Members insist the new building was constructed using the
blueprints for a local funeral home. And although its front
door now faces Dennis Street, the building still bears the
old mansion's Louisiana Street address.
Knights of Columbus deputy district director Jerri Jones,
who also is past grand knight for Council 803, said that
the fraternal group, which raises money for Catholic
charities, was the club of choice for the city's early
Irish-American leaders.

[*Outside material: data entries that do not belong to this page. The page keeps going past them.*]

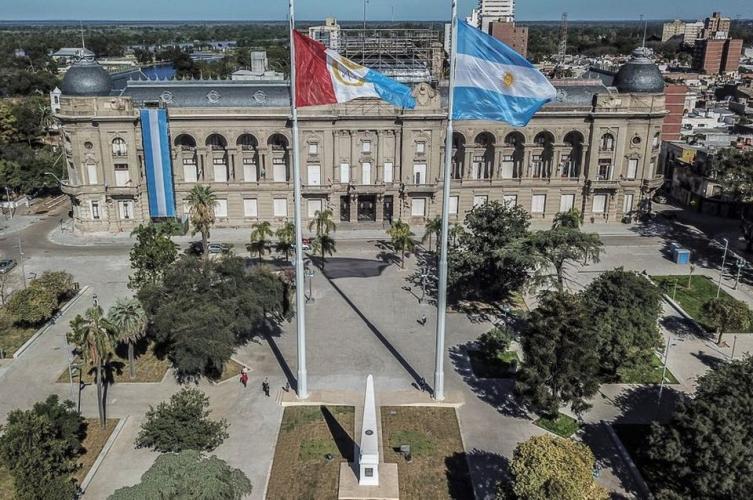 Detenidos por vandalizar la nueva plaza 25 de Mayo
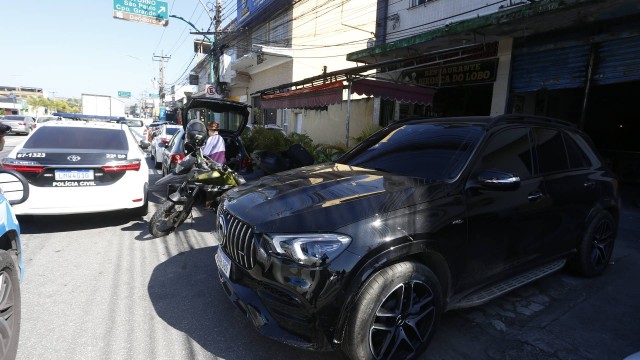 Veículo, avaliado em cerca de R$ 700 mil, foi abandonado na Penha Foto: Fabiano Rocha / Fabiano Rocha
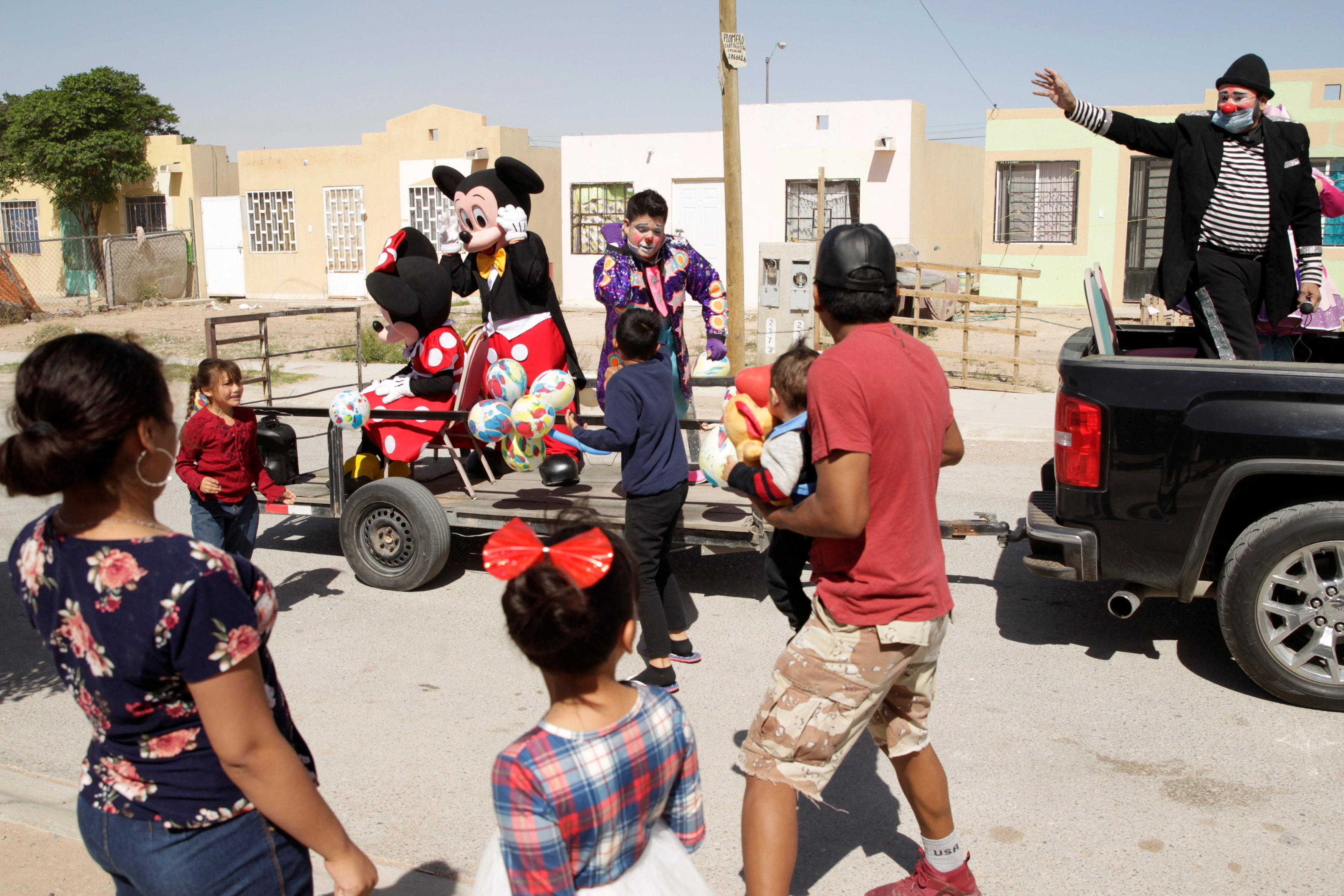 MÉXICO - En Ciudad Juarez un grupo de ciudadanos se disfrazaron para entretener a los más chicos durante la cuarentena que rige en esa nación y en este Domingo de Pascuas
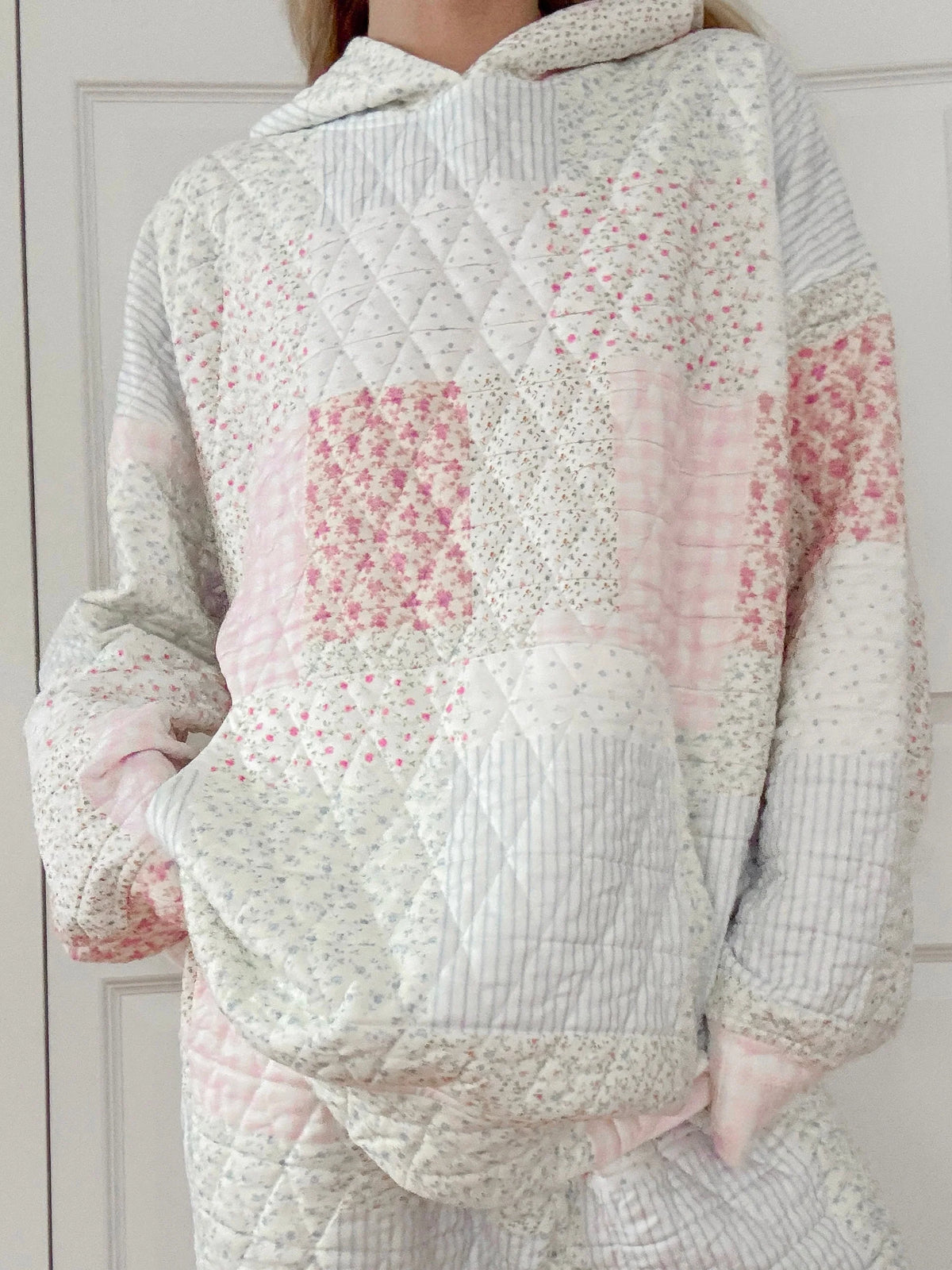 Soft Quilted Hoodie in Dreamy Pastel Hues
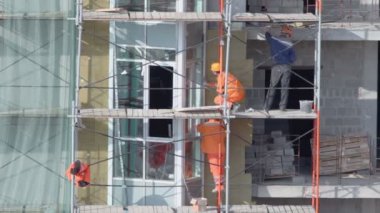 İşçi iskele üzerinde durmak ve windows ayarla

Among them, he said, were the Foley
brothers of department store fame.
Those past members still are remembered, their photos
arranged amid religious icons and names engraved on small
brass plaques set in the dark wood of the back-room bar.
Shifting demographics
Today, the Irish have dispersed throughout the region —
Katy is now home to an Irish cultural group — and the old
neighborhoods rapidly are filling with newcomers drawn by
upscale apartment and condominium development.
Membership of Council 803, which last year celebrated its
100th anniversary, is aging.
And although it claims almost 400 members, about half are
honorary and only about 60 regularly attend meetings.
Monday night hamburger dinners are among the routine social
events.
Increasingly, members are Hispanic — one of the headliners
for today's entertainment, The Irish Accent Band, will
offer a fusion of Irish and Latin music.
Jones cited the area's real estate boom as the primary
reason the group must find a new home. Though the KC hall
has not yet been sold, club officials are optimistic a sale
may soon occur.
"We've got to find ourselves another home," Jones said.
Maybe, he said, Council 803 will find quarters at Midtown's
new Sacred Heart Co-cathedral, under construction, or at a
small venue on Texas.
"Right now," he said, "we're just up in the air."